## Task goal
Line by line, print the records exactly, and keep images out of the copy.

## Exercise inputs
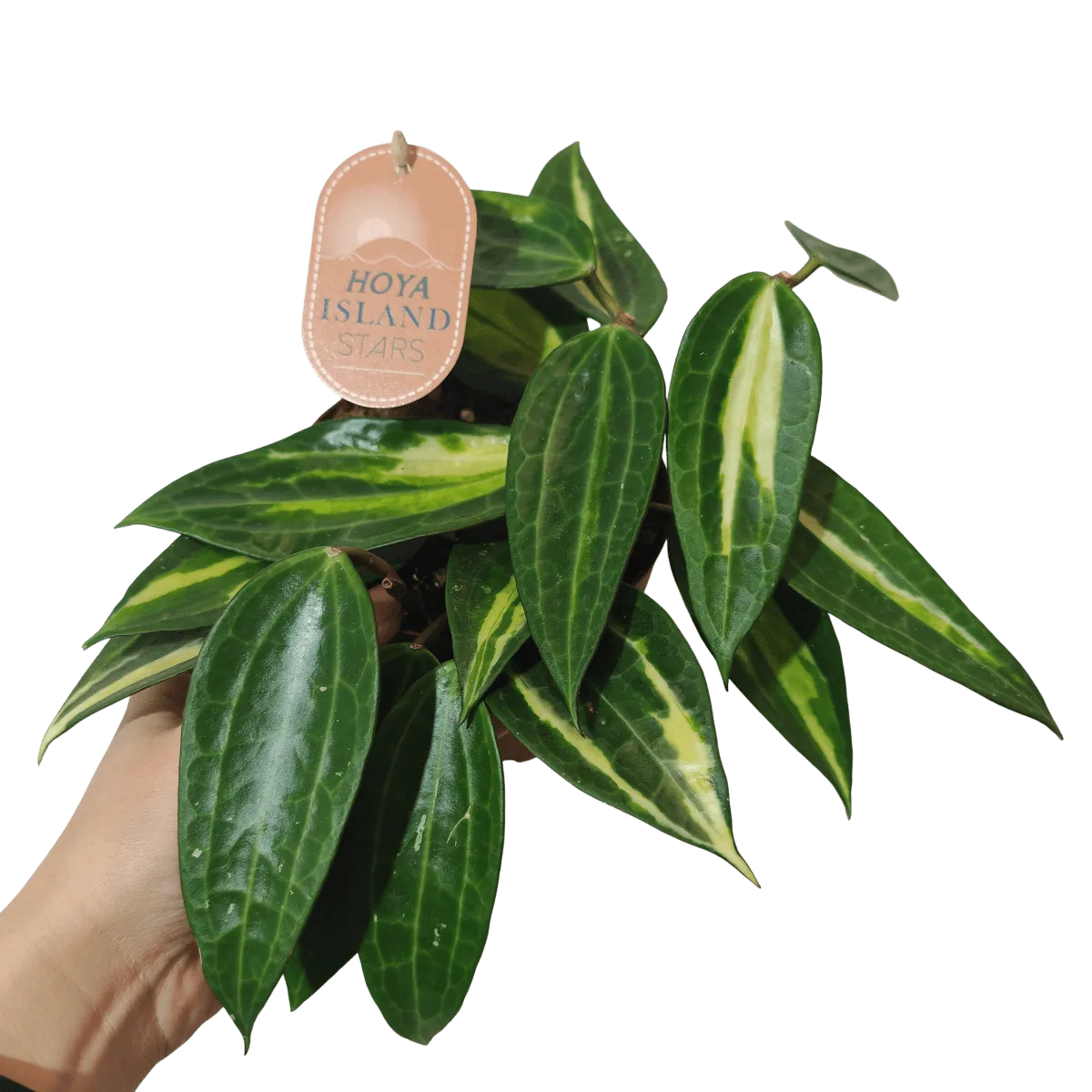 hoya “pot of gold” - slika 4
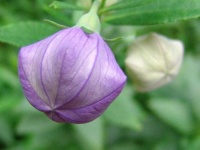 image of balloon_flower #3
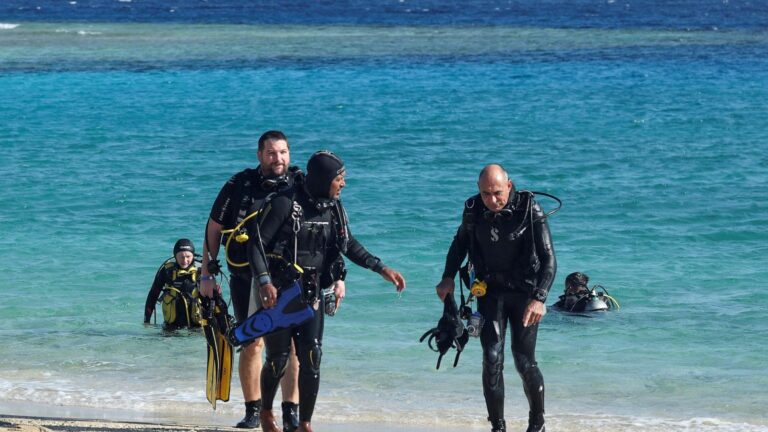 31 rescued after tourist boat sinks off Egyptian coast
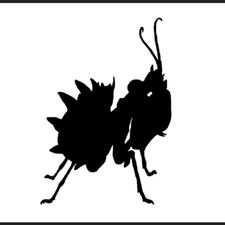 Profile image of Swissmantis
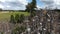 Aerial view of Hill of Crosses or KRYZIU KALNAS in Lithuania.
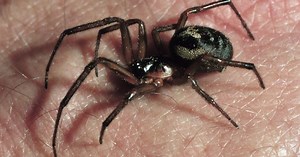Warning issued as UK's most venomous spiders invade Kent homes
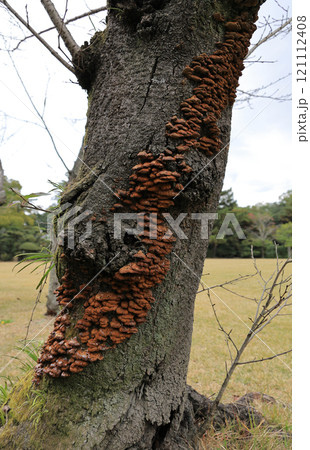 樹勢が弱ってキノコに侵された桜の木 樹勢が弱ってキノコに侵された桜の木 121112408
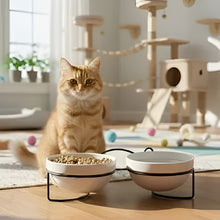 Load image into Gallery viewer, Elevated Ceramic Cat Bowls with Metal Stand
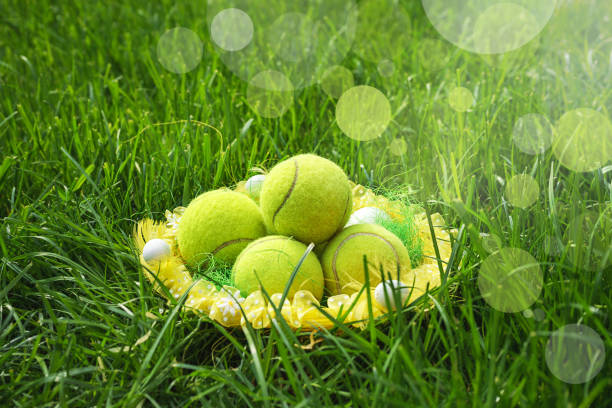 tennis easter with tennis balls in a basket on green grass and blurred bokeh sunlight background. - playing field determination exercising relaxation exercise imagens e fotografias de stock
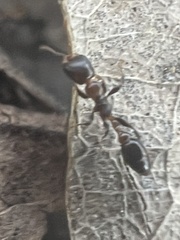 Pseudomyrmex ejectus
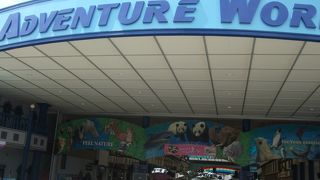 動物といろんな体験ができます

## Response area
 hoya “pot of gold” - slika 4
 image of balloon_flower #3
 31 rescued after tourist boat sinks off Egyptian coast
 Profile image of Swissmantis
 Aerial view of Hill of Crosses or KRYZIU KALNAS in Lithuania.
Warning issued as UK's most venomous spiders invade Kent homes
 樹勢が弱ってキノコに侵された桜の木 樹勢が弱ってキノコに侵された桜の木 121112408
 Load image into Gallery viewer, Elevated Ceramic Cat Bowls with Metal Stand
 tennis easter with tennis balls in a basket on green grass and blurred bokeh sunlight background. - playing field determination exercising relaxation exercise imagens e fotografias de stock
 Pseudomyrmex ejectus
 動物といろんな体験ができます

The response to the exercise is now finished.